Britain’s Office for National Statistics released an employment report for the September-November period of 2019. It showed that employment rose by 208,000, exceeding market expectations. As a result, the employment rate was at the record 76.3% level. The unemployment rate remained stable at 3.8%. Annual growth in average weekly earnings remained unchanged at 3.2%, whereas experts had expected it to slow a bit to 3.1%. Excluding bonuses, wage inflation slowed to 3.4% from 3.5%.

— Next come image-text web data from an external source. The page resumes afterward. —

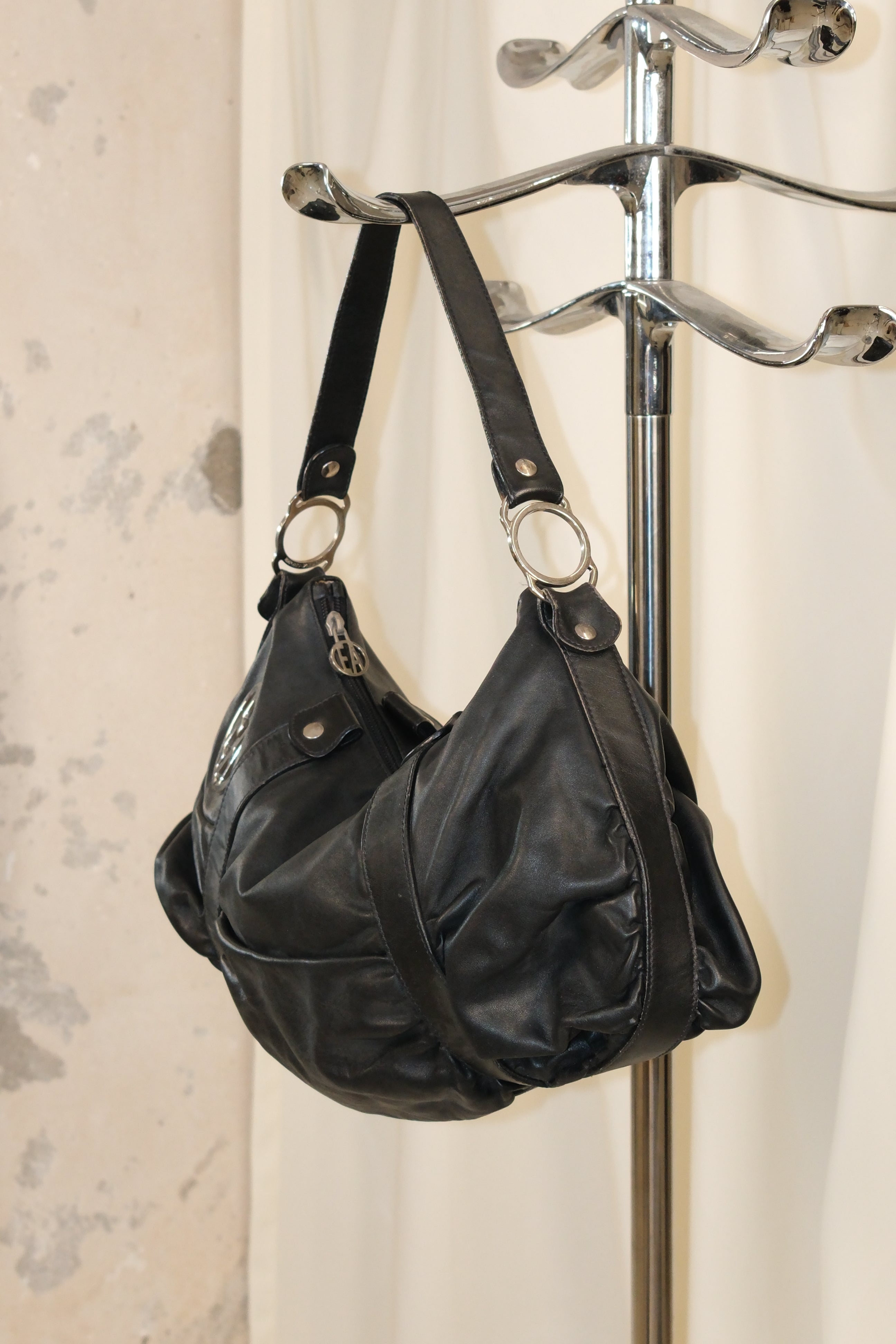 Armani Exchange  leather shoulder bag with EA metal logo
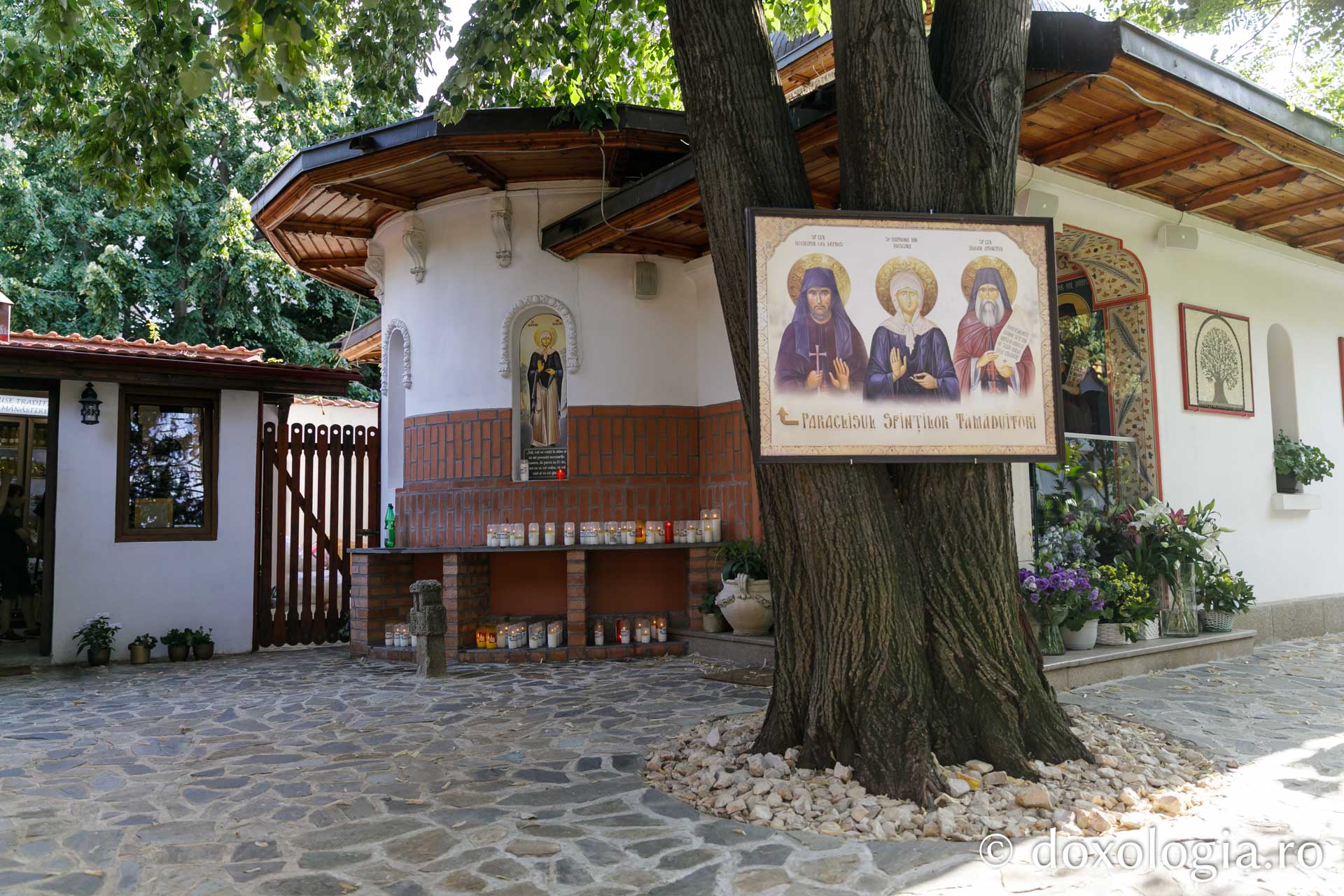 Paraclisul Sfinților Tămăduitori de la Schitul Darvari
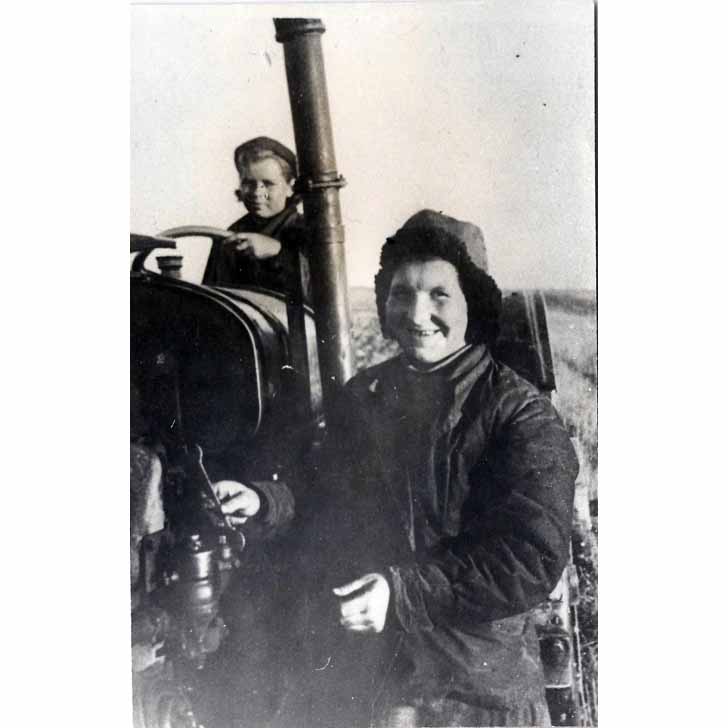 Прасолова (Тихомирова) Анастасия Павловна (1920–1979 гг.), бригадир первой в Подмосковье женской тракторной бригады (1)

The positive data improved the outlook for monetary policy of the Bank of England. British policymakers have signaled recently about the possibility of an interest rate cut if data shows economic slowdown due to the Brexit and associated uncertainties. While markets still price in a more than 50% chance of a cut, the good employment report resulted in speculations that the BoE may delay its decision to gather more information before making a move.
Markit will release Purchasing Managers’ Indices for both the manufacturing and services industries on Friday. The indicators are considered to be a good gauge of economic health, therefore they can help to understand whether the British economy is indeed in such a good state as the employment report suggests.
GBP/USD rose from 1.3008 to 1.3046 as of 17:59 GMT today, touching the high of 1.3083 intraday. EUR/GBP dropped from 0.8527 to 0.8502. GBP/AUD jumped from 1.8916 to 1.9038.